Orange Unified breaks ground on first of four new science centers as part of $288 million school bond

Orange Unified School District officials have broken ground on the new science center at Orange High School that will feature a dozen state-of-the-art labs and classrooms aimed at better preparing students for college and careers in science, technology, engineering and math, or STEM.

a line of dignitaries hold shovels over a patch of dirt
Orange Unified School District officials hold a ceremonial groundbreaking for Orange High’s new science lab.

The science center is one of the first projects being built that’s funded through the $288 million Measure S school bond approved by voters in 2016. Measure S will pay for science centers at each of the district’s four high schools, along with dozens of other upgrades, repairs and renovation projects.

About $72 million in Measure S funding will be devoted to the science centers at Orange, Canyon, El Modena and Villa Park high schools. The groundbreaking ceremony at Orange High took place last week.

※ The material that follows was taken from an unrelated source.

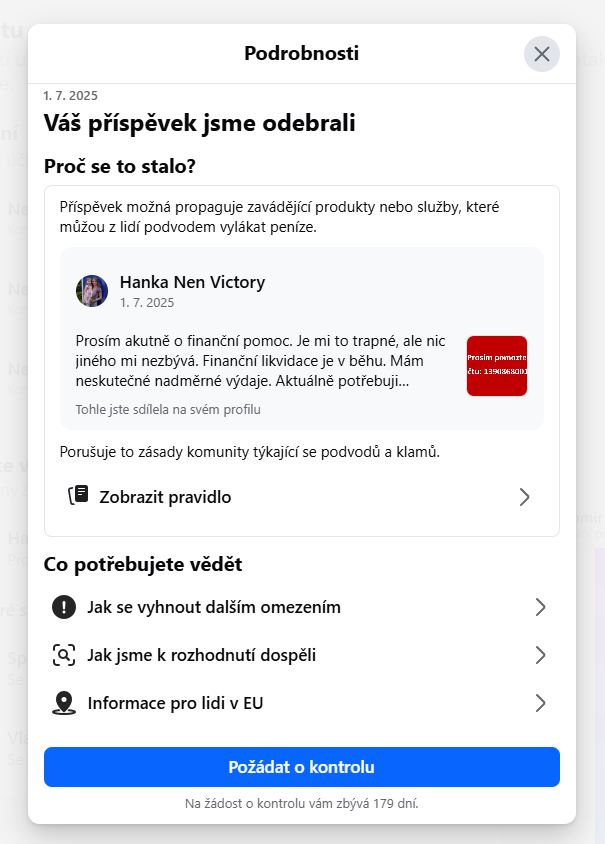 Tak mi příspěvěk odebrali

It included school board members, administrators, Superintendent Gunn Marie Hansen and other community members.

Orange High School is the oldest of OUSD’s four comprehensive high schools. It opened in 1903 on what today is the Chapman University campus. The school moved to its current location in 1953 and most of the buildings and other facilities on campus have not been renovated or seismically retrofitted during the past 65 years.

The district’s three other high schools are also around a half-century old and have had limited upgrades or repairs since they opened.

rendering of a science classroom
A rendering of one of the new science classroom at Orange High.

School Board President Alexia Deligianni-Brydges said the community united to pass Measure S as more people realized how each of the district’s aging high schools were in need of attention.

“Voters agreed that the time had finally come for a major community investment to be made in our high schools,” Deligianni-Brydges said.

“The passage of Measure S ensured that buildings on all four campuses would be retrofitted, for enhanced structural integrity, safety and security, and modernized to optimize in-class instruction and learning,” she said. “Our 20th-century high schools will begin to be transformed to ensure our students and teachers finally have 21st-century facilities and resources in which to learn and work.”

Groundbreaking ceremonies and the initiation of work at the other high schools is expected to occur later this year and into early 2019. The district is presently working with the schools and their respective project teams to determine an optimal schedule to help minimize construction-related disruptions on campus and in the surrounding communities.